--- PROMPT ---
Quote the lines below from the one containing "2025 Hyundai Elantra SEL - Photo 24" to the final line, both ends included; exclude the pictures.

Scraped caption text data
┌──

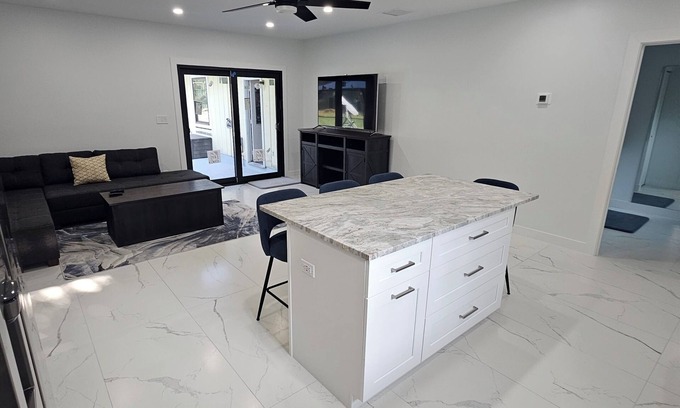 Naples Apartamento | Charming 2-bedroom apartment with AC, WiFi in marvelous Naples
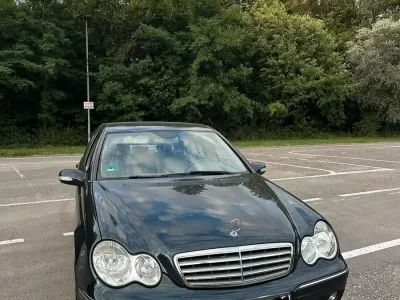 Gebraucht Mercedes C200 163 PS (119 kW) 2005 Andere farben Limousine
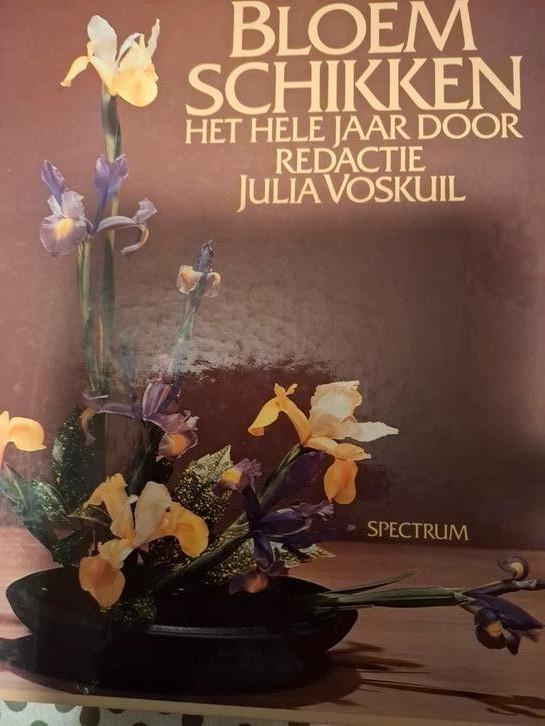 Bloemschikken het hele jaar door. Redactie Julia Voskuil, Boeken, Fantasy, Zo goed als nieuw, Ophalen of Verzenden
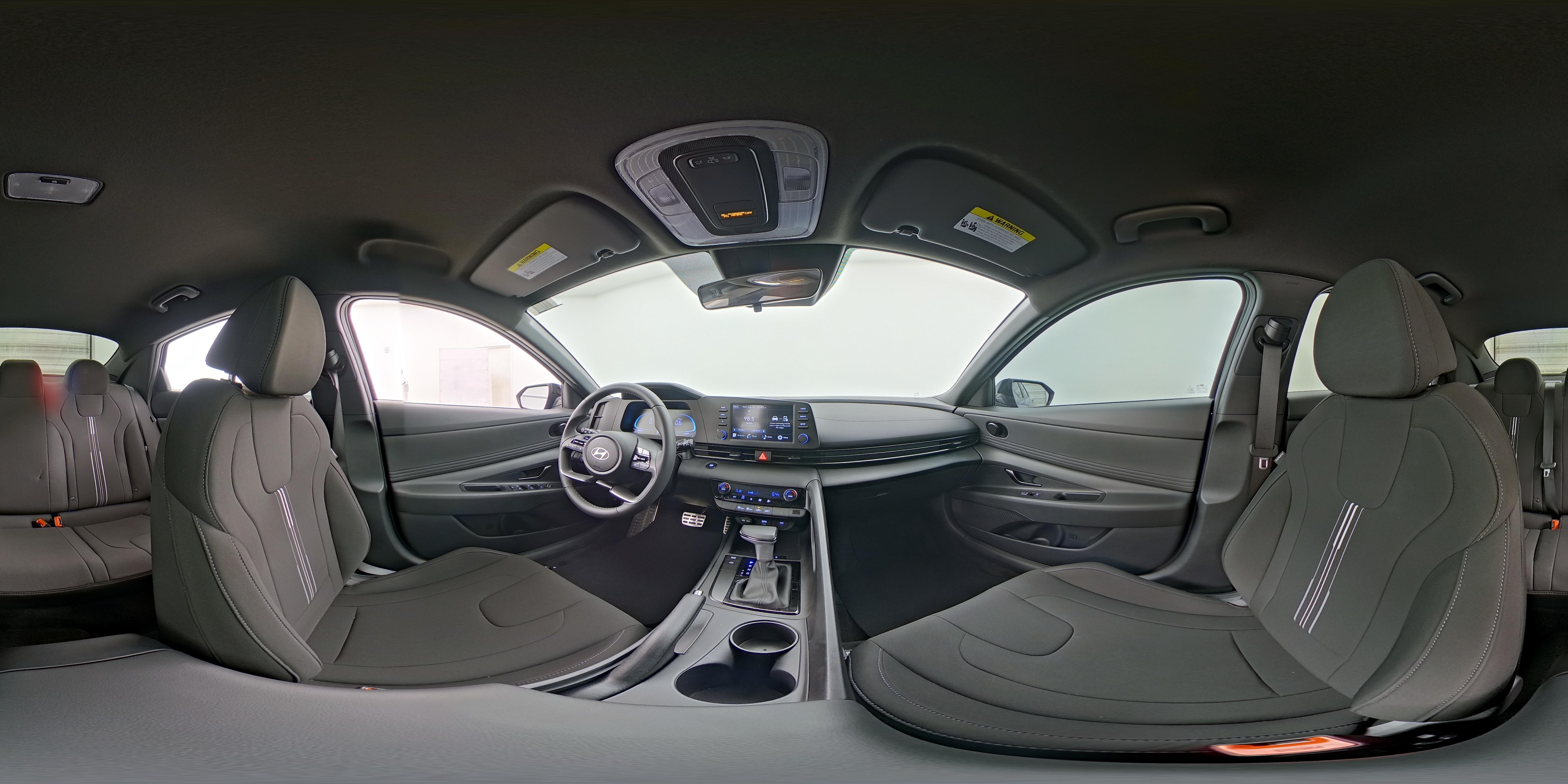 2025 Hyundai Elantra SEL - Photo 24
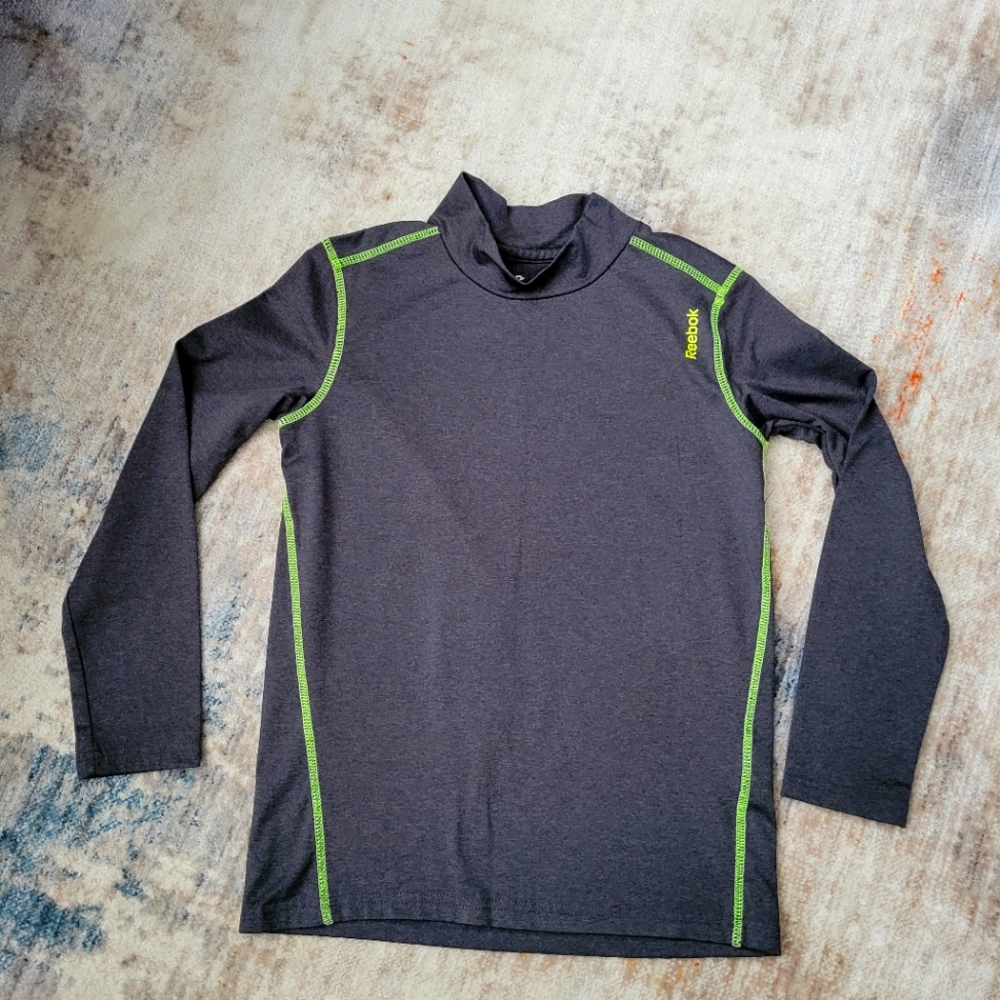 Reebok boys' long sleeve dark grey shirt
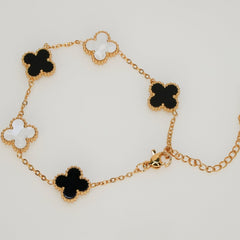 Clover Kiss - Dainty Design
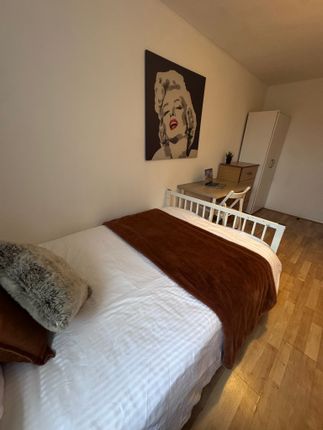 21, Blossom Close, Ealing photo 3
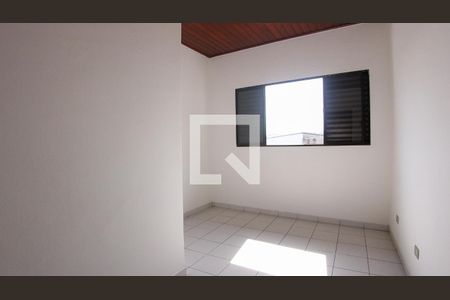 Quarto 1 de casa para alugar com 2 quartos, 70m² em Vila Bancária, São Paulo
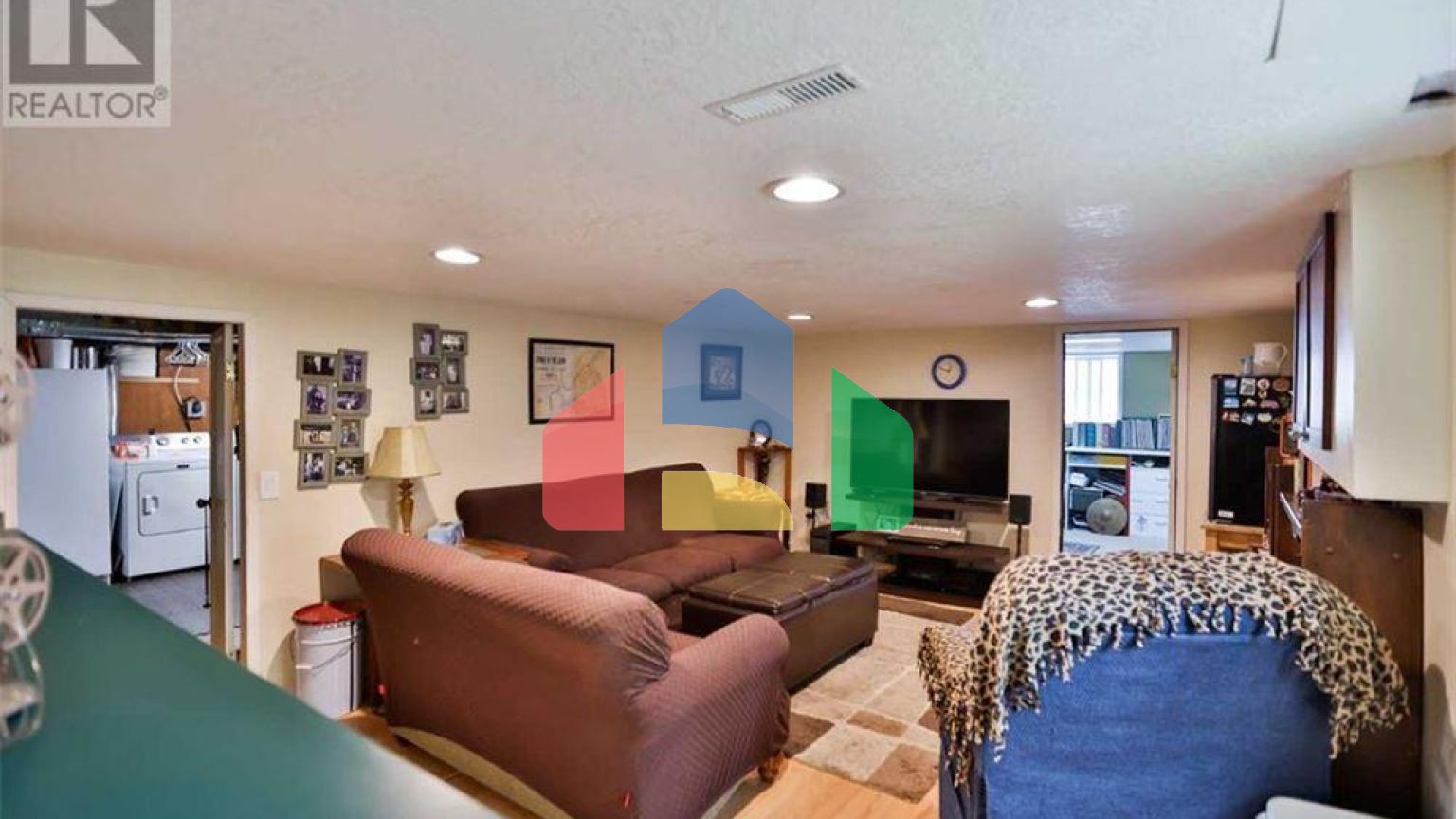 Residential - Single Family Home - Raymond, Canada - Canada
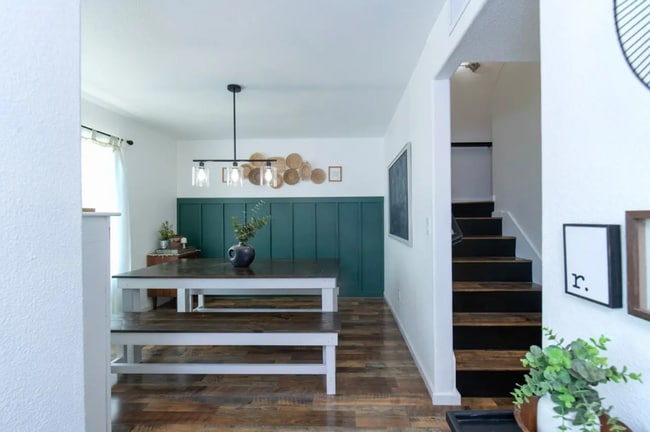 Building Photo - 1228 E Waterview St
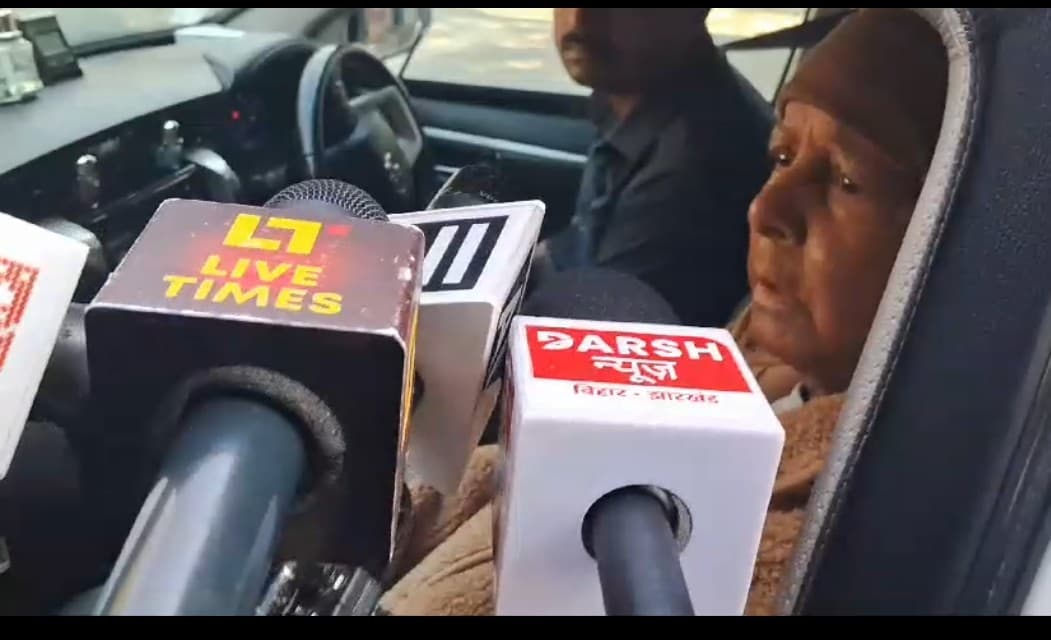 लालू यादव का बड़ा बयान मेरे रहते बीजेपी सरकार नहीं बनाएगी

└──

--- TASK RESPONSE ---
 2025 Hyundai Elantra SEL - Photo 24
 Reebok boys' long sleeve dark grey shirt
 Clover Kiss - Dainty Design
 21, Blossom Close, Ealing photo 3
 Quarto 1 de casa para alugar com 2 quartos, 70m² em Vila Bancária, São Paulo
 Residential - Single Family Home - Raymond, Canada - Canada
 Building Photo - 1228 E Waterview St
 लालू यादव का बड़ा बयान मेरे रहते बीजेपी सरकार नहीं बनाएगी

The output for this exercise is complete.